Data Science Laboratory System – Programming and Scripting Languages

Although every computer language is suitable for data, some languages lend themselves especially well for working with certain types or sources of data, or processing the data in certain ways, and so are of particular use to the data scientist.

This is the sixth in a series on setting up a Data Science Laboratory server – the first is located here. My plan is to set up a system that allows me to install and test various methods to store, process and deliver data. These systems range from simple text manipulation to Relational Databases and distributed file and compute environments. Where possible, I plan to install and configure the platforms and code locally. The outline of the series so far looks like this:

I’ll repeat a disclaimer I’ve made in the previous articles – I do this in each one because it informs how you should read the series:

This information is not an endorsement or recommendation to use any particular vendor, software or platform; it is an explanation of the factors that influenced my choices. You can choose any other platform, cloud provider or other software that you like – the only requirement is that it fits your needs. As I always say – use what works for you. You can examine the choices I’ve made here, change the decisions to fit your needs and come up with your own system. The choices here are illustrative only, and not meant to sell you on a software package or vendor.

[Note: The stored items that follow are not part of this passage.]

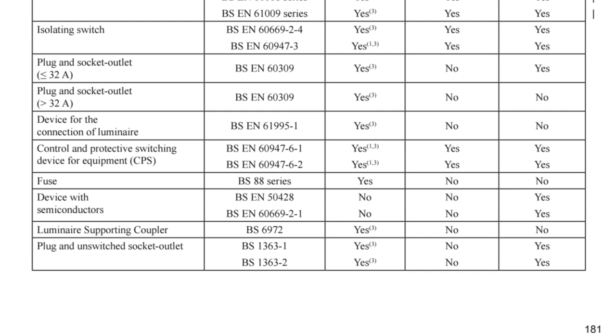Scanning down the list, we can see a number of plug and socket arrangements complying to different standards, like the BS EN 60309, which is the industrial plug and socket arrangement with the round pins. Up to and including 32 amps, as well as over 32 amps, can be used for isolation. There are also devices for connecting luminaires, luminaire support couplers, and plug and sockets complying with BS 1363, which is the square-pin 13-amp type — and all of these can be used for isolation.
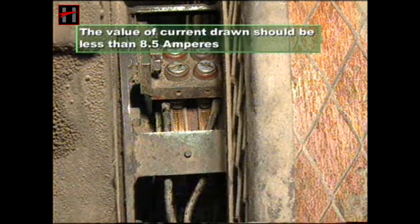There should be no rubbing between the rotor and drum of the ECC. Check the current drawn by the ECC coil. The value of current drawn should be less than 8.5 Amperes.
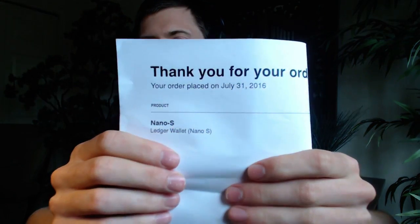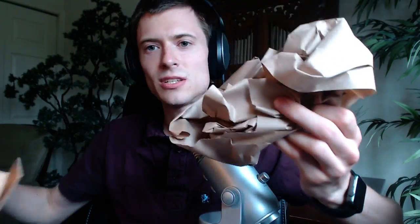There's first of all a paper that says 'from Ledger to me' — it's like the package label. It says there's one Nano S in here, so you can see it says 'one Ledger Wallet Nano S.' Then we pull out the package itself. This is the box for the Nano S, and there's just brown paper inside so we'll get rid of that.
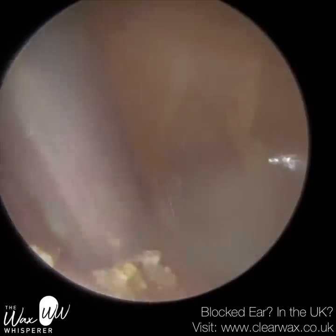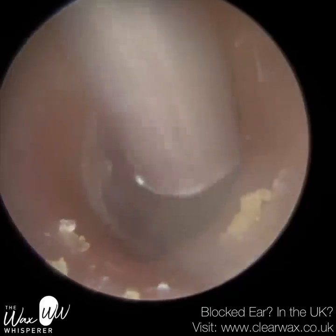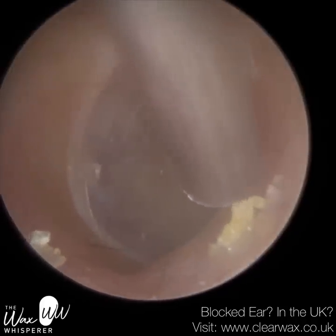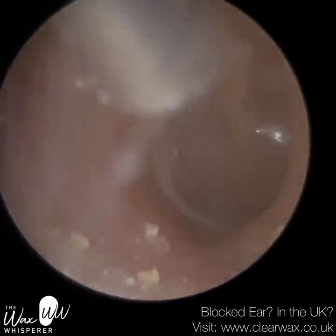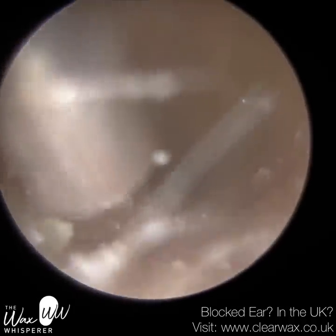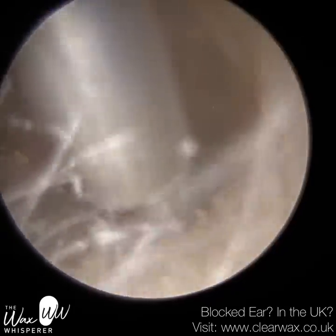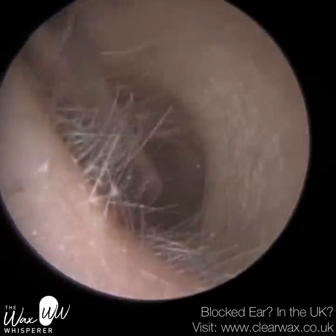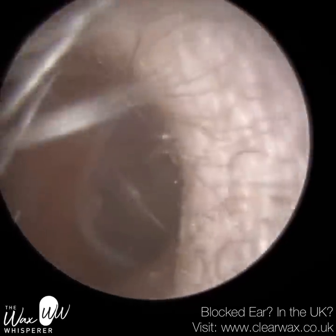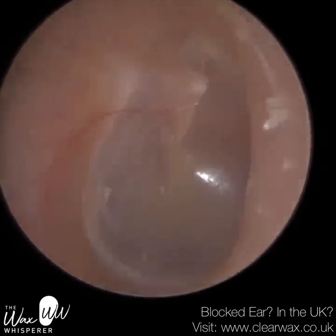I've seen it in textbooks and surgical videos that I watch sometimes, but I've not actually witnessed it myself. It's a great view. We can see some blood vessels and capillaries as well. We can see the incudostapedal joint — that's where the incus bone attaches to the stapes bone. It's a ball and socket joint. I've annotated it, so stay tuned for that, which is coming up now.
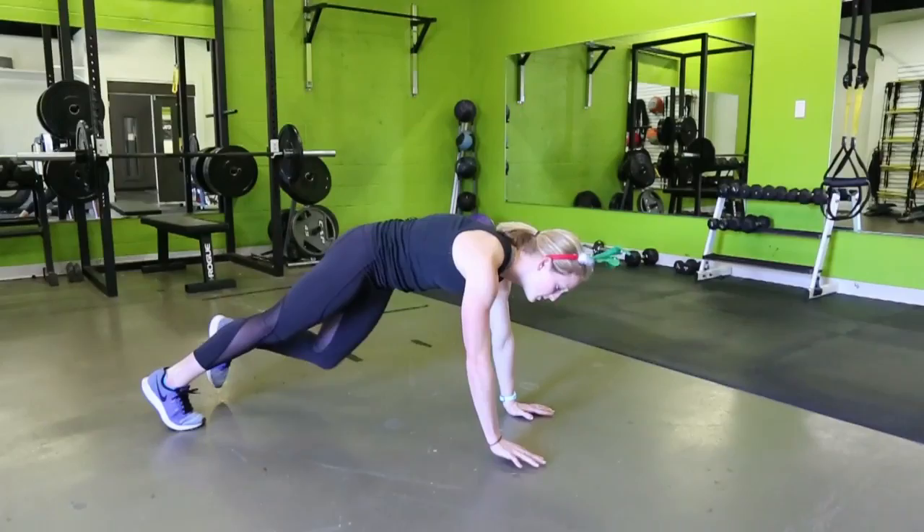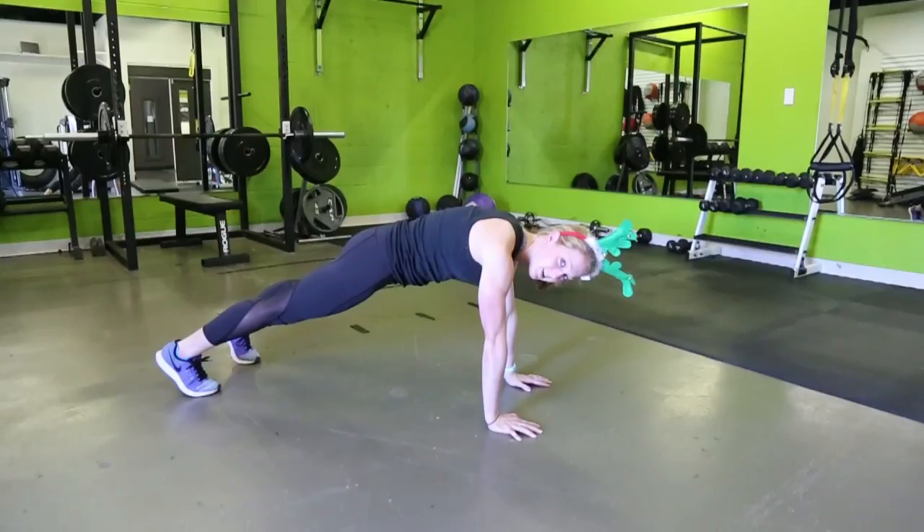So first we're going to get into a plank position. My wrist and my shoulders are in one line, my core is tight and my gaze is neutral.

In this article, I’ll explain my choices for languages that interact directly with data using programming and scripting languages. This is an introductory article; I’ll follow it with practical examples of how to use each in another article.

My philosophy on information technology is this: “All computing is merely re-arranging data“. Every programming language or scripting interface deals with taking data as input, operating on that data, and returning or creating some output of the data. As such, almost any language is suitable for a data professional to learn and use with the data they need to compute. However, certain languages lend themselves especially well for working with certain types or sources of data, or processing the data in certain ways. In this article, I’ll explain a few of those and the situations I find that they fit best.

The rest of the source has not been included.